Monday, May. 26, 1947
Rebound
Brazil's Communists, outlawed and barred from their headquarters, felt a little better after the first shock had worn off. The big reason for their sense of relief was that President Dutra's Government had lost the offensive. It had found itself legally unable to finish the Communists by turning their legislators out of Congress and stopping the presses of their raucous Tribuna Popular. Moreover, many a thoughtful Brazilian, with no love for Communism but with a lively memory of dictatorship, had rushed to support the Communist Party's right to exist.

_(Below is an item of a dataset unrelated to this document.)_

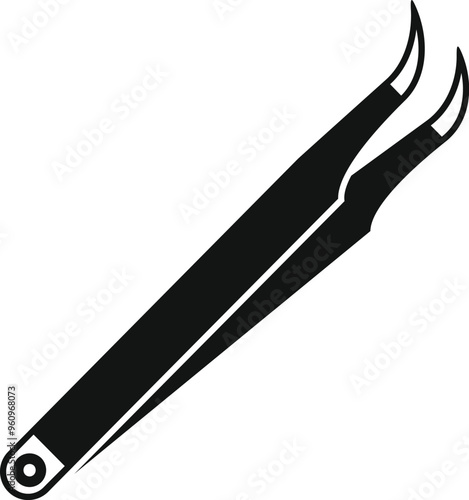 Black metal tweezers for eyebrow correction lying diagonally, isolated object on white background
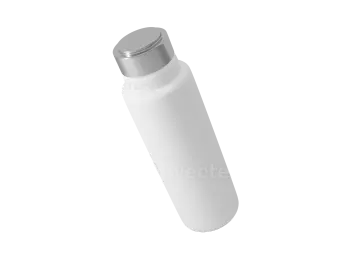 a white plastic bottle with a silver lid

The Communists showed their relief. In the Senate palace, Luis Carlos Prestes, Brazil's No. 1 Communist, popped up one afternoon to return some papers to the Commission of Justice, of which he is a member. He explained that he had been "too busy lately" to work on them. One evening in downtown Rio, a group called "The Friends of Paraguay" met to hear a Negro actor read the poems of U.S. leftist Langston Hughes. They were so moved that they soon addressed each other, not as "friend," but as "comrade." In the sultry Vermelinho (The Little Red One), a sidewalk cafe, Communist literati flocked again to sip beer. They sneered complacently at "Yankee imperialists" who drank Scotch.
Elsewhere, the anti-Yankee attacks were brassily strident. Tribuna Popular (still getting a half supply of newsprint from the Government) blamed the U.S., along with Dutra and the Army, for the "illegal" political ban. U.S. Ambassador William D. Pawley was accused of "leading the offensive of U.S. capital against Brazil." The facts: peripatetic Bill Pawley had been sunning himself in Miami at the time the Electoral Tribunal made up its mind on the Commies; the U.S. Embassy had maintained a scrupulous hands-off attitude toward the Government move; privately, Embassy officials felt there were better ways of fighting Communism than those employed by Dutra. If the Brazilian Army had drawn any conclusions from U.S. foreign policy--i.e., Truman's aid to Greece and Turkey--the deductions were not inspired.
The Battle. What next? The Communists would fight their ban. In a 15th-floor office on Rio's main-stem Avenida Rio Branco, moon-faced Communist Lawyer Sinval Palmeira clutched the multipage appeal he will present to the Supreme Tribunal. He had a diplomatic good word for the Yankees. "The U.S. Constitution," he said, "is helping me to write it."
Not for some four months will Brazil's busy Supreme Tribunal consider the legality of Brazil's Communist Party. In the meantime, the battle between Dutra and the Communists centers on the still active Communist Congressmen. Only Congress itself can fire them, and Dutra's P.S.D. (Social Democrat Party) cannot muster the two-thirds majority to do it. Moreover, the opposition U.D.N. (National Democratic Union), which has backed Dutra on many an issue, refuses to go along on this one. U.D.N. Chief Jose Americo de Almeida had gone straight to President Dutra at squat Catete Palace and made that plain.
For hamstrung Caspar Dutra there are two ways out. He can let the Army stage a coup and abolish Congress. Or he can seize upon some incident to declare a "state of siege" under which the Communists can be squelched. Because he wants to govern legally, Dutra has refused the first alternative. Shrewd observers do not think the well-disciplined Communists will give him any excuse for the second.